Curved interfaces such as toroidal drops are ubiquitous in nature, but are unstable, making them difficult to control and study. Using an original technique we create a stable and stationary torus of liquid, deposited on a superhydrophobic substrate allowing for a systematic study of waves along its inner and outer border under curved and periodic conditions [1,2]. By exciting the torus border, we recover the displacements of the two borders and study the dispersion relation of the torus, yielding a rich spectral structure: gravity-capillary waves, sloshing modes and a center-of-mass mode [1]. We will show that nonlinear waves in form of solitons can propagate along the torus borders for sufficiently strong forcing. We stress the observation of subsonic elevation solitons which are due to a strong influence of periodic boundary conditions through a Korteweg-de Vries equation, giving a non-trivial dependence of the soliton velocity on its amplitude and torus curvature. Finally, a triadic resonance instability is observed between two different dispersion branches, namely the sloshing and gravity-capillary modes. Nonlinear interactions allow for a transfer of energy between the two branches and the decay of a mother wave into daughter waves.
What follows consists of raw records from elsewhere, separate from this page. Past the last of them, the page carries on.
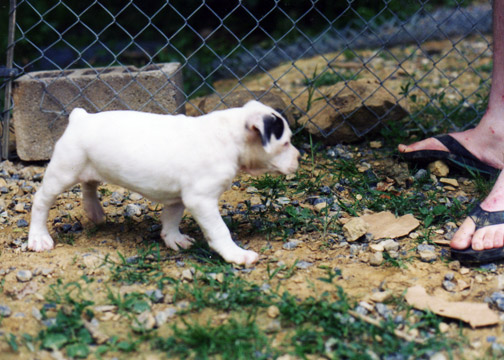 gallery/Litters/Bosshog-Dolly/a_bosshog-dolly_13.jpg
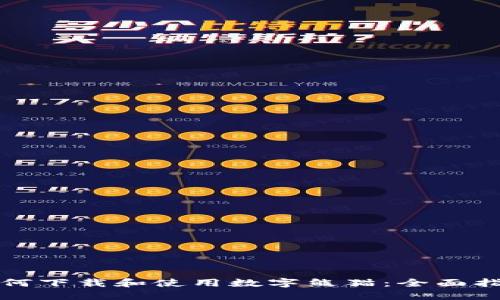 如何下载和使用数字熊猫：全面指南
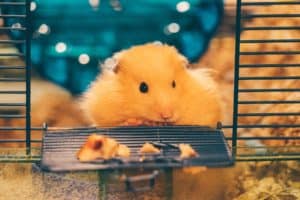 Fluffy hamster peeking from cage with treats.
Additional secondary and tertiary waves are also formed leading to a discrete cascade to smaller scales, potentially allowing a route towards wave turbulence.
- F. Novkoski, E. Falcon and C.-T. Pham, Experimental Dispersion Relation of Surface Waves along a
Torus of Fluid, Phys. Rev. Lett., 127, 144504 (2021). - F. Novkoski, C.-T. Pham and E. Falcon, Experimental Periodic Korteweg-de Vries solitons along a
torus of fluid, submitted to Europhys. Lett., (2022).